Poor sleep in those over 50 is linked to more negative perceptions of aging, which in turn can impact physical, mental and cognitive health, new research has found.

A study by the University of Exeter found that people who rated their sleep the worst also felt older and perceived their own physical and mental aging more negatively.

Senior author Serena Sabatini, University of Exeter, said: “As we age, we all experience positive and negative changes in many areas of our lives. However, some people perceive more negative changes than others. As we know that having a negative perception of aging can be detrimental to future physical, mental and cognitive health, an open question in aging research is to understand what makes people more negative about aging. aging. perception of their aging.

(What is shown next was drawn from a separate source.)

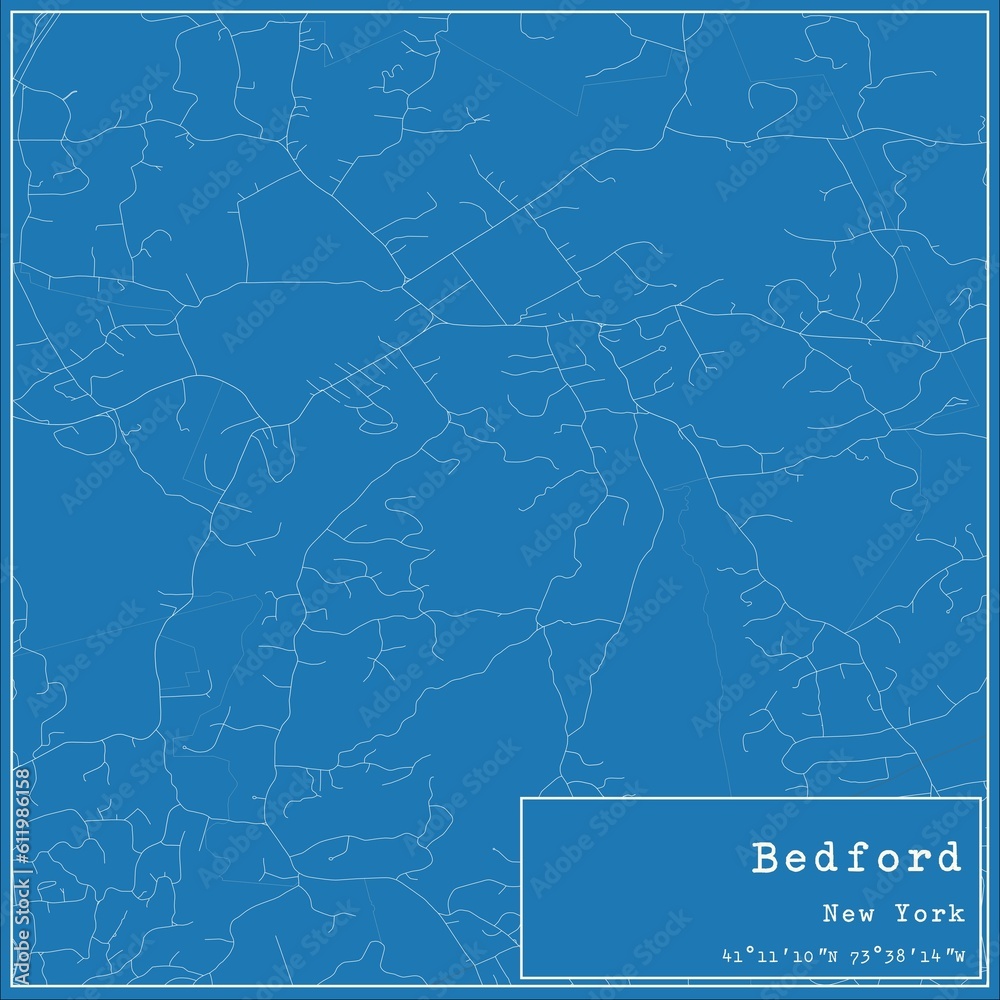 Blueprint US city map of Bedford, New York.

We need to study this further – one explanation could be that a more negative perspective influences both. However, it could be a sign that resolving sleep difficulties could promote a better perception of aging, which could have other health benefits. “

The researchers interviewed 4,482 people aged 50 and over who were part of the PROTECT study. Managed by the University of Exeter and the Institute of Psychiatry, Psychology & Neuroscience (IoPPN) at King’s College London, and funded by the Maudsley Biomedical Research Center at the National Institute for Health Research (NIHR), PROTECT is a study in innovative line in which participants take regular cognitive tests and comprehensive lifestyle questionnaires. The study aims to understand what helps people stay cognitively healthy later in life.

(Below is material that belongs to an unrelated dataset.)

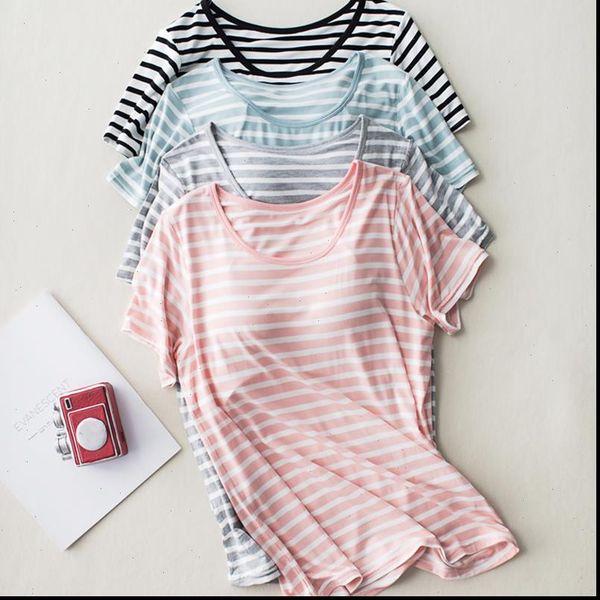 

built in bra sleep womens sleepwears shirts loose fit short sleeve striped modal wear summer padded breathable lounge lingerie, Black;red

The research team noticed that many PROTECT participants commented on their relationship to sleep as part of standard questionnaires within the study. Comments included: “The way I feel varies greatly depending on how I sleep. I feel good if I have six hours, so about half the time I feel younger and half the time I feel older. old !”

Another comment read: “I have chronic pain problems and I get very little sleep which has a huge impact on my life.”

Following these comments, the team decided to conduct a questionnaire specifically on sleep. In research published in Behavioral sleep medicine, participants were asked if they had experienced a list of negative age-related changes, such as lower memory, less energy, increased dependence on help from others, reduced motivation, and limitation of their activities. They also assessed their quality of sleep. Participants completed both questionnaires twice, one year apart.

This research is an important part of the growing body of evidence on the crucial role of sleep in healthy aging. We now need more people to sign up for PROTECT, to help us better understand this. We have some exciting trials coming up on how to optimize sleep in some particularly vulnerable groups, such as people with dementia in nursing homes. “

Professor Clive Ballard, University of Exeter

The article is entitled “Cross-Sectional and Longitudinal Associations between Subjective Sleep Difficulties and Self-Perceptions of Aging”, published in Behavioral sleep medicine. The research is the result of a doctorate funded by the Center for Excellence in Cognitive Health Research of the Australian National Council for Health and Medical Research.


Journal reference:

Sabatini, S., et al. (2021) Cross-sectional and longitudinal associations between subjective sleep difficulties and self-perception of aging. Behavioral sleep medicine. doi.org/10.1080/15402002.2021.1994405.